Nancy Kastl, executive director of testing services at digital transformation agency SPR, said a philosophical evolution is occurring regarding what to test, when to test and who does the testing.

“Regarding what to test, the movement continues away from both manual [and] automated UI testing methods and toward API and unit-level testing. This allows testing to be done sooner, more efficiently and fosters better test coverage,” said Kastl.

“When” means testing earlier and throughout the SDLC.

“Companies are continuing to adopt Agile or improve the way they are using Agile to achieve its benefits of continuous delivery,” said Kastl. “With the current movement to continuous integration and delivery, the ‘shift-left’ philosophy is now embedded in continuous testing.”

However, when everyone’s responsible for testing, arguably nobody’s responsible, unless it’s clear how testing should be done by whom, when, and how.

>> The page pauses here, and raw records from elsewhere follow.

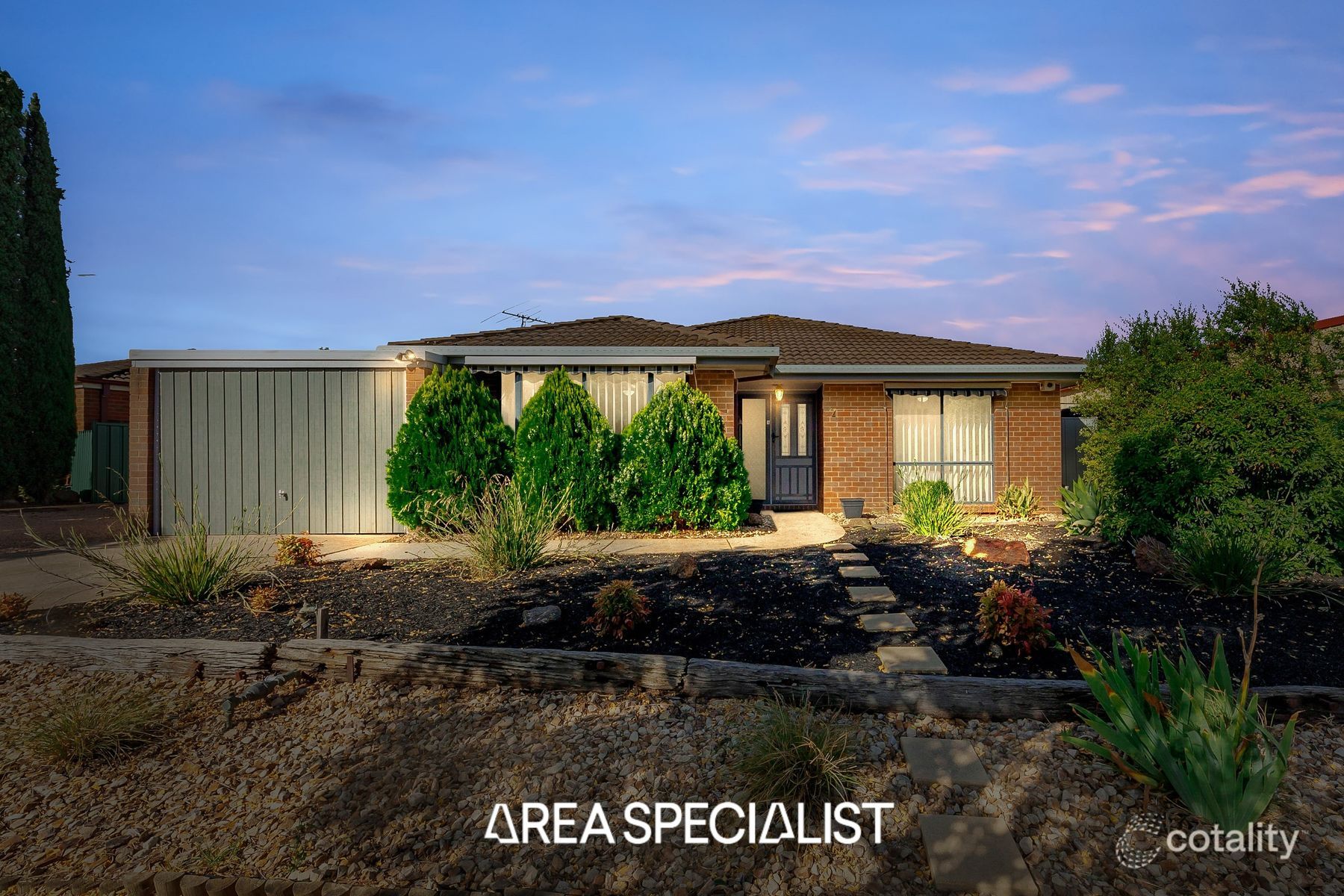 7 Housman Cl, Burnside, VIC 3023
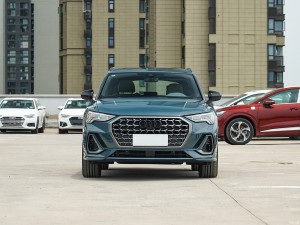 奥迪 Q3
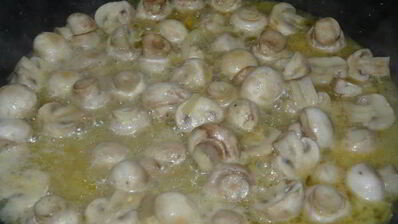 грибы в сливочно-сырной подливке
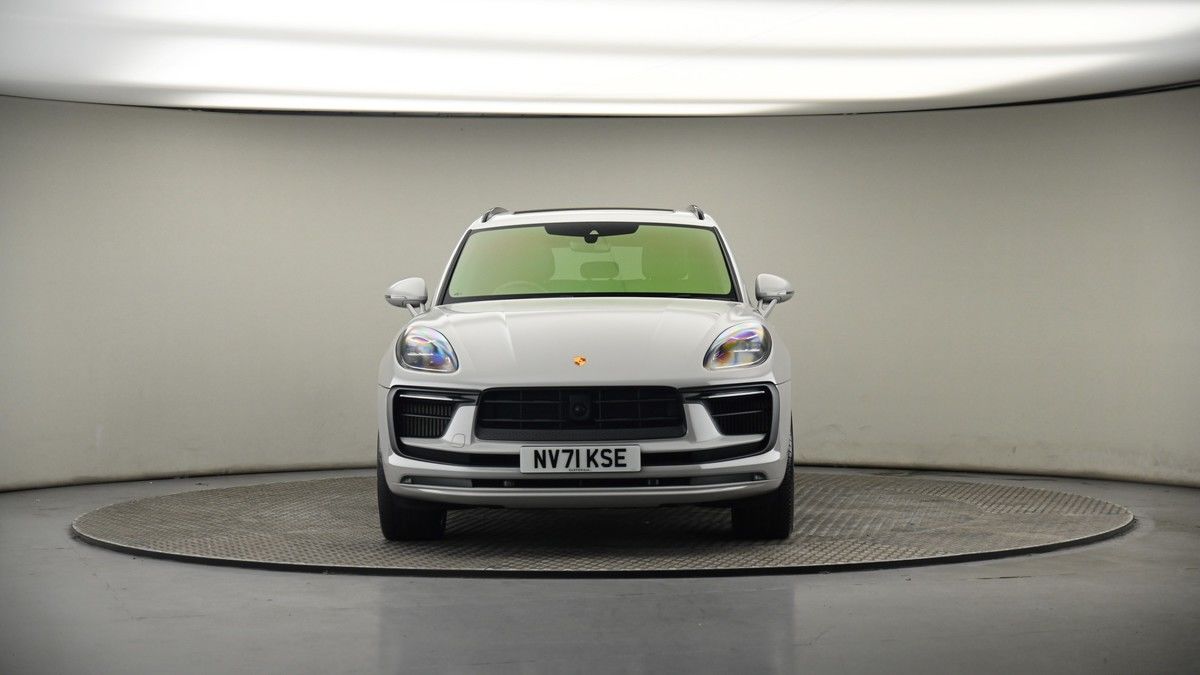 Porsche Macan Image 18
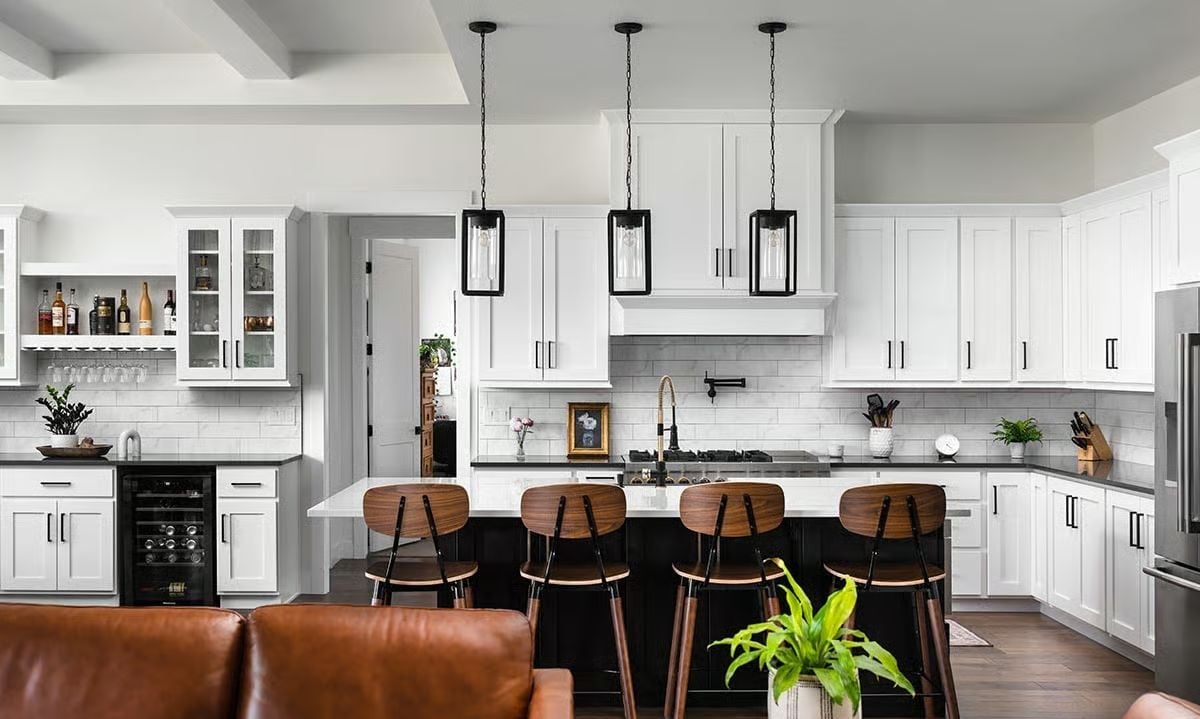 Black Island Base, White Everything Else — Kitchen Design That Actually Has a Point of View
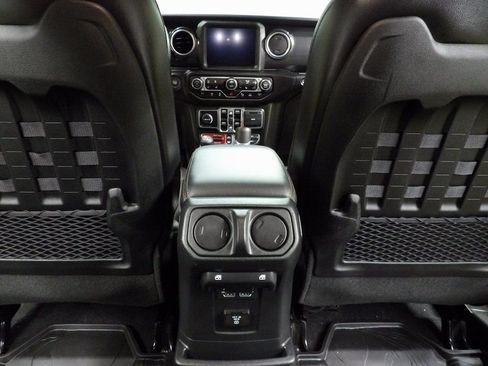 Used 2023 Jeep Wrangler Unlimited Rubicon 392 w/ Xtreme Recon 35" Tire Package image 15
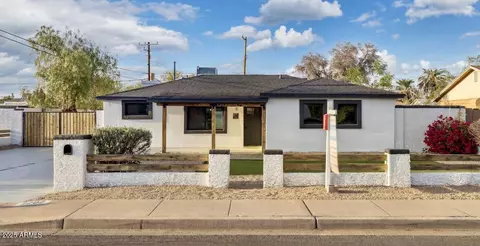 Exterior - 2202 E Osborn Rd, Phoenix, AZ 85016 photo 2 of 5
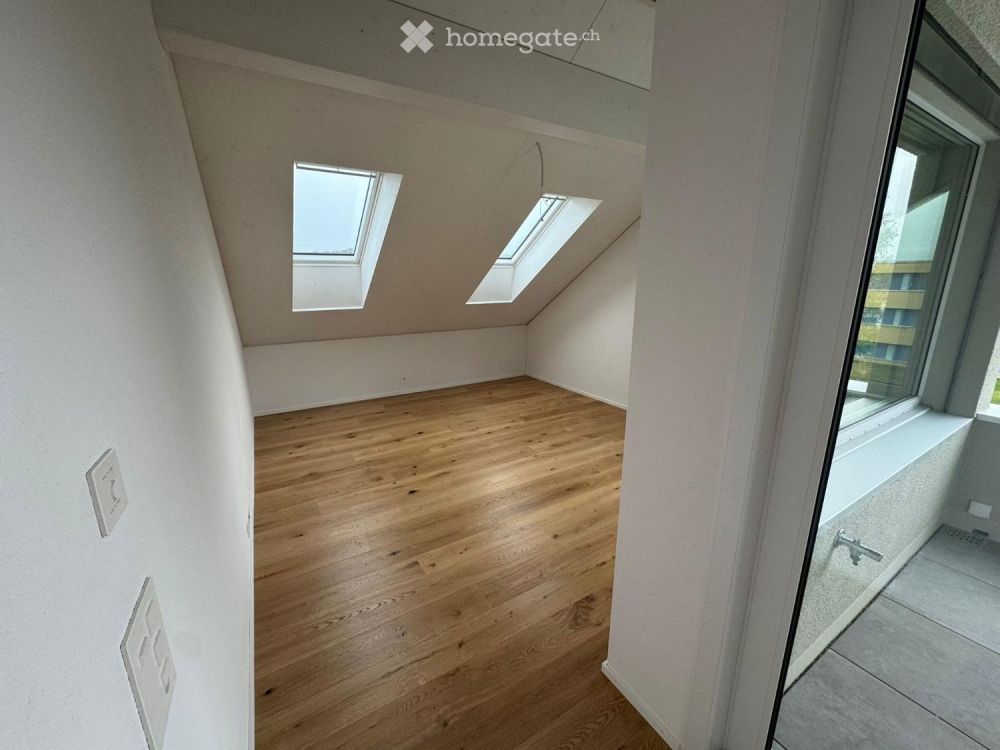 Helle 3.5Zi-Dachwohnung (Preis inkl. PP 1. UG) - Bild 8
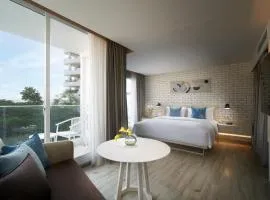 Shama Yen-Akat Bangkok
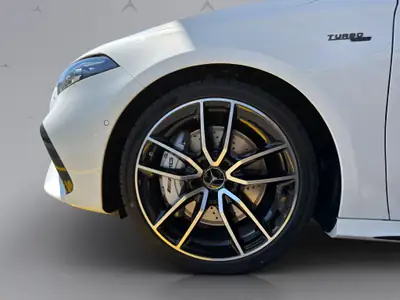 Mercedes-Benz A 35 AMG 4matic — Berline sportive haute performance, quasi neuve — Miniature 19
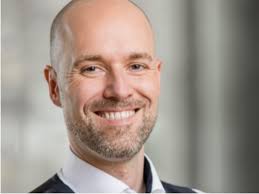In 2000, he graduated from the theatre faculty of the academy of. Ey Startup Stephan Hofmann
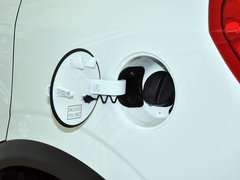 2013款 2.4L 自动 两驱豪华版 5座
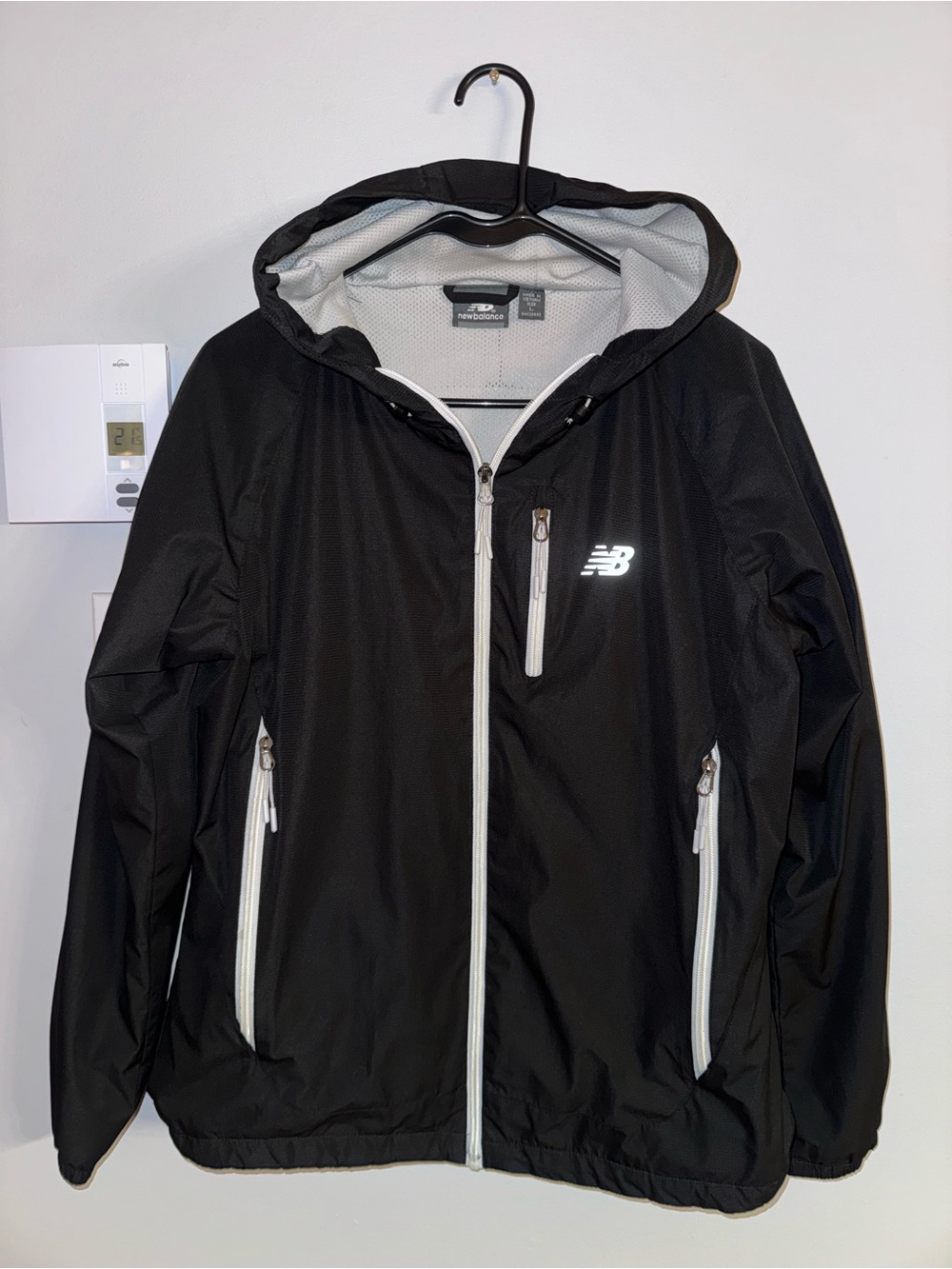 New Balance Women’s Black Hooded Windbreaker Jacket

Testing can no longer be the sole domain of testers and QA engineers because finding and fixing bugs late in the SDLC is inadequate, unnecessarily costly and untenable as application teams continue to shrink their delivery cycles. As a result, testing must necessarily shift left to developers and right to production, involving more roles.

“This continues to be a matter of debate. Is it the developers, testers, business analysts, product owners, business users, project managers [or] someone else?” said Kastl. “With an emphasis on test automation requiring coding skills, some argue for developers to do the testing beyond just unit tests.”

Meanwhile, the scope of tests continues to expand beyond unit, integration, system and user acceptance testing (UAT) to include security, performance, UX, smoke, and regression testing. Feature flags, progressive software delivery, chaos engineering and test-driven development are also considered part of the testing mix today.

Security goes beyond penetration testing
Organizations irrespective of industry are prioritizing security testing to minimize vulnerabilities and manage threats more effectively.

“Threat modeling would be a starting point. The other thing is that AI and machine learning are giving me more informed views of both code and code quality,” said Gartner’s Murphy. “There are so many different kinds of attacks that occur and sometimes we think we’ve taken these precautions but the problem is that while you were able to stop [an attack] one way, they’re going to find different ways to launch it, different ways it’s going to behave, different ways that it will be hidden so you don’t detect it.”

In addition to penetration testing, organizations may use a combination of tools and services that can vary based on the application. Some of the more common ones are static and dynamic application security testing, mobile application security testing, database security testing, software composition analysis and appsec testing as a service.

DMW Group’s Lewis said his organization helps clients improve the way they define their compliance and security rules as code, typically working with people in conventional security architecture and compliance functions.

“We get them to think about what the outcomes are that they really want to achieve and then provide them with expertise to actually turn those into code,” said Lewis.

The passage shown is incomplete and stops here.